Flowers show their true colors A common flower with a unique bidirectional color-changing ability Research news
A plant common to Japan, Causonis japonica, is the first to show a newly discovered trait. Its flowers can change color depending on the stage of its maturation cycle, and then change back to its original color. Although many flowers have been shown to change color depending on their maturation phase, Causonis japonica is the only known example of bidirectional color change. The pigments involved in the colors are related to nutrient-rich colorful vegetables, so understanding the flowers’ color-changing tricks could have downstream applications in improving nutrient yields in certain food crops.
We all like flowers, and one of the most appealing things about flowers is presumably the wide array of shapes, sizes and, of course, colors they come in. But did you know that some flowers can change their colors? Although it’s not all flowers, this trait has been observed in hundreds of different species for at least a number of decades. It’s thought that color-changing flowers do so because it signals to pollinating insects that the flower is ready to supply nectar or pollen which rewards them. This is considered to be an “honest” signal. But the reverse can also be seen; some plants show a “dishonest” signal, with some of their flowers displaying their default color whilst others display their signal color. That behavior is thought to increase the overall visibility of the plant from a distance to would-be pollinators. But whatever the strategy of the plant in question, all examples of color-changing flowers found have been unidirectional: Once the color has changed, it does not change back. So, imagine the surprise University of Tokyo Professor Hirokazu Tsukaya must have felt when he saw a flower of the plant Causonis japonica change color, and then, change again, and again.
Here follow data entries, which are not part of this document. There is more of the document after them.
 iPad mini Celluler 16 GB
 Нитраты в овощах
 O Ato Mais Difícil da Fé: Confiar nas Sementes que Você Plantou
“Even though I’ve studied this plant in detail, having discovered there were at least two varieties back in 2000, the bidirectional color-changing flowers were a completely unexpected finding,” said Tsukaya. “My colleague Professor Nobumitsu Kawakubo from Gifu University is an expert in time-lapse, long-period video recordings of pollinating flowers. He and his student originally tried to explore the pollinating behaviors between the different kinds of Causonis japonica and expected to see the familiar change from its default orange color to bright pink. But they couldn’t believe it when they reviewed the time-lapse video and saw that it not only changed back to orange again, but that this change oscillated between the two states. They informed me on this finding; this compelled us to find out why. So we started a collaboration.”
Thanks to the carefully captured time-lapse videos from the field and detailed observations in the laboratory, Tsukaya managed to connect what physiological changes took place in the flowers concurrent with their changes in colors.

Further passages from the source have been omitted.